Capacity Review - IT Assets planning

IT Asset management - One of the core principles for Information Technology best practices is "Confidentiality, Availability, Integrity" (ok, that's three, but they are grouped as one). As business fluctuates and product and transaction cycles speed up ever more, it is very important, useful and in the vested interests of IT Management to perform a Capacity review periodically - due to the cost and complexity an annual review might be sufficient in most cases. What exactly is Capacity review anyway? In its simplest form, it is ensuring that IT assets - hardware, software and connected links (networks, telecommunication access to/from the internet, cloud etc) and storage - are sufficient to meet peak demand as defined by company policy or best practices. If one doesn't exist at your organization, review best practices at similar firms in your industry and define it and seek approval. As an example, one brokerage firm that I worked at had a policy that required that the main brokerage applications had to be capable of handling twice the capacity load of the busiest day of the year. So if the servers on the busiest day were at 45% of capacity for an extended period of time, then as per management's requirement,  the capacity of those servers had to be able to work at 90% load.

One of my roles, in the many hats that I wore, was to do a capacity review for all the distributed applications at the end of the year. To prepare for this, I first went to our metrics site, where I sifted through reams of data on all the web servers, application servers, database servers etc.  Then I organized the data into spreadsheets where I sorted through page views, server resource loads etc. Based on the data at hand, and using algorithms developed in-house, and by looking at the back-end (mainframe, database) data and connectivity analysis, I had a map of how much capacity was used on the distributed side and in-bound and out-bound feeds. That gave us an idea of whether the distributed servers could handle the capacity required for an unusually busy day (think of a very volatile day in the markets - major business collapse, terrorist attacks etc).  This is only an example of a specific industry - but such capacity reviews are de rigueur in every industry - telecommunications, transportations, and retail are some that come to mind.

On the software side,  analysts and reviewers could simulate many things - online transactional processing simulation, for example, is common.  But it might be more useful to ask about the connectivity - sure, the retail front-end web site can take 10,000 orders a second, but can the back-end handle it?

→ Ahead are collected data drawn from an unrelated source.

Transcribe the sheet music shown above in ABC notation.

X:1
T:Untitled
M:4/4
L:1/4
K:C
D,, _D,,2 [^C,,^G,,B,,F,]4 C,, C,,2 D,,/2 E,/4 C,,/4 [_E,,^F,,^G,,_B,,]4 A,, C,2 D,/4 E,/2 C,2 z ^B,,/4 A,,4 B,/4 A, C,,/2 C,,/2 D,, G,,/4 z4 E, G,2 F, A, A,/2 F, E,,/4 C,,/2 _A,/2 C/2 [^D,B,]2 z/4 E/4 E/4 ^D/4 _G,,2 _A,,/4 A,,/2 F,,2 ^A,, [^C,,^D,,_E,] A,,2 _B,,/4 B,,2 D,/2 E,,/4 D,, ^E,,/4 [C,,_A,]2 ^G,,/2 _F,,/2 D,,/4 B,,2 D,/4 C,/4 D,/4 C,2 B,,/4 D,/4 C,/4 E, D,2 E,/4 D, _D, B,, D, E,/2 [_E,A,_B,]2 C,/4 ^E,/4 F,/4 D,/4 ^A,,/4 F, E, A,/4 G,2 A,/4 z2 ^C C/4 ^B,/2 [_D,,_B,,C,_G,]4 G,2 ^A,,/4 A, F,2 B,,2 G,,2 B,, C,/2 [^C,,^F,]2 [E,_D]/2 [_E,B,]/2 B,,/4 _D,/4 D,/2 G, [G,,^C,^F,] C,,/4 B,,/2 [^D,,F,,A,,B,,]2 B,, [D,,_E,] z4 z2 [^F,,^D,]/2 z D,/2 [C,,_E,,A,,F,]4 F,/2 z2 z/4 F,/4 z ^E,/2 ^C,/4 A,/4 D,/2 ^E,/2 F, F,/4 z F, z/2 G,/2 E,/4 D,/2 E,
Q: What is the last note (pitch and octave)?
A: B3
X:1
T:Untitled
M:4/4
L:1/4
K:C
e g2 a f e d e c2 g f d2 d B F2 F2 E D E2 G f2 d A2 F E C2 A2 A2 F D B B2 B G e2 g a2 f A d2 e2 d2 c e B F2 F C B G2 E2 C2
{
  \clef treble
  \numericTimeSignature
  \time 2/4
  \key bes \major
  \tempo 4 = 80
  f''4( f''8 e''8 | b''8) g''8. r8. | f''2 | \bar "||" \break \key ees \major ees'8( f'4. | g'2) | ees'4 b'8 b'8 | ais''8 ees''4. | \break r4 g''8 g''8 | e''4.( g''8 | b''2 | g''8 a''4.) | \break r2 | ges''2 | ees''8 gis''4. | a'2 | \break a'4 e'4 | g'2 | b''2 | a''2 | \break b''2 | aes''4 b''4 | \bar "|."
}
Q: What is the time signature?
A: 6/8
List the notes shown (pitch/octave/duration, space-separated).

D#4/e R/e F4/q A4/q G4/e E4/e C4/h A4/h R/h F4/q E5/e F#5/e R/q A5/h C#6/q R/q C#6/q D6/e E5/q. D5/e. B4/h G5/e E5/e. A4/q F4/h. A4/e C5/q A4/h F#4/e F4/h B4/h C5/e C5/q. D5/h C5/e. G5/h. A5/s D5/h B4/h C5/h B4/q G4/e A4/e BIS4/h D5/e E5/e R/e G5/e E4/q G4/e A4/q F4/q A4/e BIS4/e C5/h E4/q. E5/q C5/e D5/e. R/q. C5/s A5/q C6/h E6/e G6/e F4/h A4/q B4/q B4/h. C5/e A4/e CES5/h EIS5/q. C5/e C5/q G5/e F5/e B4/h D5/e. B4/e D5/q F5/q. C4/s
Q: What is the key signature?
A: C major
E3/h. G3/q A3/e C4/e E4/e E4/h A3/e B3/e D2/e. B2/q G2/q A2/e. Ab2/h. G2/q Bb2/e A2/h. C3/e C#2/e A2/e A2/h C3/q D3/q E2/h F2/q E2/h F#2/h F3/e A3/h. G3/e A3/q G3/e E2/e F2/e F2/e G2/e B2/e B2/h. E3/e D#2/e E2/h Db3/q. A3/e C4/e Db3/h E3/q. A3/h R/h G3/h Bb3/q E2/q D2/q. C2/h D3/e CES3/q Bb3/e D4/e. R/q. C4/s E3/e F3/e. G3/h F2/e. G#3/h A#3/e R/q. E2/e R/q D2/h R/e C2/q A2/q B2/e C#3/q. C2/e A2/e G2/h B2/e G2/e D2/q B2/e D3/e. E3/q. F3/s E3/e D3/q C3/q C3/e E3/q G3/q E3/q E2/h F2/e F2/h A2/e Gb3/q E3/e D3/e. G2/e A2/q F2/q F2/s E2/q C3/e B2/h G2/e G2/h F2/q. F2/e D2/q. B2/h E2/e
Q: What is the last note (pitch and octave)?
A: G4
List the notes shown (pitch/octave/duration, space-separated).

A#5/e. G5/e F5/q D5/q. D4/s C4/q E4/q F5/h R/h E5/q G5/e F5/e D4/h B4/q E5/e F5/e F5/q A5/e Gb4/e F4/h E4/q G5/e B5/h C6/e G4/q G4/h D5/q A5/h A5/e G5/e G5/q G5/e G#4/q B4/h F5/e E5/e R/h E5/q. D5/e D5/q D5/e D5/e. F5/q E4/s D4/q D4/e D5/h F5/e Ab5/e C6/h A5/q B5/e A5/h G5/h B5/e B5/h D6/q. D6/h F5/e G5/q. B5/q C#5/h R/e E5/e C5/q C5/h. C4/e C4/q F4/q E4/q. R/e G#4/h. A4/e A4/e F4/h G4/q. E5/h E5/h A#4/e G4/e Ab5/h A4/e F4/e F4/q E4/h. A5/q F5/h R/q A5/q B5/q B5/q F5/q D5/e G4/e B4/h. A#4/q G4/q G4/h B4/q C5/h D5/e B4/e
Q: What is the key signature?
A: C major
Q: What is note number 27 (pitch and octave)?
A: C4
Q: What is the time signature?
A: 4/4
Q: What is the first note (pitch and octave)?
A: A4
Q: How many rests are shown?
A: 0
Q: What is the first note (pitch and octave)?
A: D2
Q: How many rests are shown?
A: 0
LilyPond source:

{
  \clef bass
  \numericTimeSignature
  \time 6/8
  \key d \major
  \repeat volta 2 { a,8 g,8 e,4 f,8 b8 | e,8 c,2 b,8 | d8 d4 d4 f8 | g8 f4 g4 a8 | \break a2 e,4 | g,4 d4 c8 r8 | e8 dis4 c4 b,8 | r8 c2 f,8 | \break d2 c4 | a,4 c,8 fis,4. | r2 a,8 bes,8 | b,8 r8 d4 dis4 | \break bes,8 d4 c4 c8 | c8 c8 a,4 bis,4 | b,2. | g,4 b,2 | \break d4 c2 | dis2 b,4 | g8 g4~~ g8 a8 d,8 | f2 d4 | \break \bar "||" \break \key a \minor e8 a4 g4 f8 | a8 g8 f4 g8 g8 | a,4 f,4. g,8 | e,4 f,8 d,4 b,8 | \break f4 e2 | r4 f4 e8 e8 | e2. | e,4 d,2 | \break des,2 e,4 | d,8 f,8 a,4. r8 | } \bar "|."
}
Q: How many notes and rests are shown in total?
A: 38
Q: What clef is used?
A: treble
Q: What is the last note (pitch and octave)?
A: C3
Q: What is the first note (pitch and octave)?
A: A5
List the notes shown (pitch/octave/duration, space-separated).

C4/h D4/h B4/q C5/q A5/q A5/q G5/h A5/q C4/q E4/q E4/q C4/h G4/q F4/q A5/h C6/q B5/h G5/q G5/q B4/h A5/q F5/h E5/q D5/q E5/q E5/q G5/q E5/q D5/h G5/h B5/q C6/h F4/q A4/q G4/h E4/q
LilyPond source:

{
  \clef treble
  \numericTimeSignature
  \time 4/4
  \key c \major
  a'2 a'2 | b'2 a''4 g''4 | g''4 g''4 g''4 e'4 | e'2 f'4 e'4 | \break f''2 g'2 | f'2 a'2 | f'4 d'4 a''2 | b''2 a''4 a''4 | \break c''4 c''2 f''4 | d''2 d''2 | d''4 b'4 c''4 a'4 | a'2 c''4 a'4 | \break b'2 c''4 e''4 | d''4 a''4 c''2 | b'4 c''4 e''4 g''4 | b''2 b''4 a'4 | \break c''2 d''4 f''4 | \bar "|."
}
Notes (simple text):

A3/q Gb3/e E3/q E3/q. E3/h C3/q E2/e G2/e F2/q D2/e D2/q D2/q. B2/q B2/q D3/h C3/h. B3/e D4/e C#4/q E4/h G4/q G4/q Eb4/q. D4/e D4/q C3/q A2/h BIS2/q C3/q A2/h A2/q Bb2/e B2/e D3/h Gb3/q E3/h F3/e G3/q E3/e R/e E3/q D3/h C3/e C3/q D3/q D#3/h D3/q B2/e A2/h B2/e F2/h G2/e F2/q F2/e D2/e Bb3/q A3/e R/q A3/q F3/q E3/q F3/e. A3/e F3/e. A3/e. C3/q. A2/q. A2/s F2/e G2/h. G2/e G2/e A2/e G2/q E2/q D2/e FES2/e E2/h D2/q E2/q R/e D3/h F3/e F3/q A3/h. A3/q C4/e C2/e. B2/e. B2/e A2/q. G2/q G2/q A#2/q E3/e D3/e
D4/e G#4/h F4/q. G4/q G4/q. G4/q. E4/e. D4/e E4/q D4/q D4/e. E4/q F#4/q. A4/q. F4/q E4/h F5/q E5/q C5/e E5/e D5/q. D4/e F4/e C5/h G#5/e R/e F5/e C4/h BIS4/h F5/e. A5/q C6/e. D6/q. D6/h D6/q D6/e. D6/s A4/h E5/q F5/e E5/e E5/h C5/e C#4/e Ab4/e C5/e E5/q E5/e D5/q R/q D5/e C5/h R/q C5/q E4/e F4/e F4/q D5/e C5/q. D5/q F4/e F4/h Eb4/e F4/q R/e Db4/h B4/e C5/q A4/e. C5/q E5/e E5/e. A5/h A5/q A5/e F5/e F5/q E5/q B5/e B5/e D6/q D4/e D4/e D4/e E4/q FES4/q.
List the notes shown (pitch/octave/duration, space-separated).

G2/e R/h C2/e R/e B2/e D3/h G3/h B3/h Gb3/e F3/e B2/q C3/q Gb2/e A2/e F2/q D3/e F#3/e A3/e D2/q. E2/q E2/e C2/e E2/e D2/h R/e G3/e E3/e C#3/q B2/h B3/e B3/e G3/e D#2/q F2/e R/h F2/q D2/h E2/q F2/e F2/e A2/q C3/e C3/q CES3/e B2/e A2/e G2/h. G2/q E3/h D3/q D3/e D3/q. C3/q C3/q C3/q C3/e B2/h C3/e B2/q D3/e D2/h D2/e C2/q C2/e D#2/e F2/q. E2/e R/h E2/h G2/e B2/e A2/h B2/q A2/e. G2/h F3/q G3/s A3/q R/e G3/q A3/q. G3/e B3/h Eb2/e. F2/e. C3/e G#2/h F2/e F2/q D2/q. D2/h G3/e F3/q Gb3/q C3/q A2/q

Can the connections to the credit checks work successfully and simultaneously at that level? How about order fulfillment - do the fulfillment centers/warehouses have the capacity to handle huge backlogs - if not or unsure, how long would it take and more importantly, can orders be tracked adequately? Can the supply chain handle it - can it be tested? Has it been tested? If these processes are outsourced, does the vendor make any explicit guarantees in the contractual agreements? How often do they test, and how willing and able would they be to do a simulated test (note: these are different from a disaster recovery test, which normally only simulate average loads at a backup site or offer an alternate way to do the same thing you already do).

Capacity reviews are also useful in incorporating forecasts into future budgeting and for justification purposes. Additionally, as technology moves forward at an ever faster pace, old IT assets can be updated, upgraded or replaced by incorporating these reviews ("These 25 servers operating at 90% capacity can be replaced with 5 new ones operating at an average of 50% - and a payback period of 1.5 years"). This will also show management that you and your team have done your homework with substantiated facts.

Another way such reviews can assist is in finding underutilized resources - and at a time of budgetary pressures, might come in handy. For example, for a new application project with limited budget, I was able to point to underutilized servers (which, of course, I knew from my capacity planning exercise) which could host the new app. By sharing resources (servers, existing software licenses on those servers, and storage and network charge backs as well as backup site servers) costs were mitigated.

Capacity Review is a tool that business analysts and business / IT / process / operations managers can use to plan, streamline and optimize their assets and thereby provide more value to the business.